And the great dragon was thrown down, that ancient serpent, who is called the Devil and Satan, the deceiver of the whole world—he was thrown down to the earth, and his angels were thrown down with him. (Revelation 12:9)

We ended the previous commentary with reference to Sandro Botticelli’s cryptic inscription along the painting’s top. It is in Greek, incomprehensible to most of Botticelli’s contemporaries. Botticelli wanted—needed?—to be mysterious. Here it is:

THIS PAINTING AT THE END OF THE YEAR 1500 IN THE TROUBLES OF ITALY I ALEXANDER, IN THE HALF-TIME AFTER A TIME, WAS PAINTING IN ACCORDANCE WITH THE ELEVENTH [CHAPTER] OF SAINT JOHN IN THE 2ND WOE OF THE APOCALYPSE IN THE LOOSING, FOR THREE-AND-A-HALF YEARS, OF THE DEVIL. THEN HE WILL BE BOUND IN THE 12TH AND WE WILL SEE HIM ABOUT TO BE BURIED SIMILAR TO THIS PAINTING.

Revelation 11 tells of two witnesses who testify for three-and-a-half years and are then killed by the beast coming up from the abyss (v.7). ‘The Second Woe has been and gone. Look, the Third Woe is coming soon’ (v.14, own translation).  
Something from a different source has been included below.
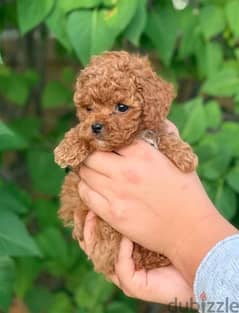 Toy Poodle Red Brown puppy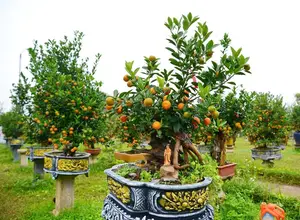 Admire the Unique Root-Over-Rock Kumquat Tree for Lunar New Year - Artistic Beauty and Feng Shui Meaning.-1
Botticelli was painting in Florence, at the beginning (in our modern calendar) of 1501. The French had invaded in 1494 and again in 1499. From September 1494, the Dominican mystic and preacher Fra Girolamo Savonarola had relentlessly threatened God’s punishment of the city. Savonarola and his follower Fra Domenico da Pescia preached for almost exactly three-and-a-half years until they were burnt at the stake in May 1498. Here, perhaps, had been the two prophets foreseen in Revelation 11. The banderoles of Botticelli’s heavenly angels bear the words of Savonarola’s own hymns to the Virgin.

The Mystic Nativity certainly recalls Revelation: in the open heaven (4:1), the twelve angels for stars above the Virgin (12:1), and those defeated devils (12:8). But the tone is so different: Botticelli’s angels have a playful grace, his devils are almost risible. There are hints of ‘Woe’ to come: the donkey bears on the neck the mark of a cross; the cave and swaddling-clothes portend burial. Yet the painting as a whole radiates joy.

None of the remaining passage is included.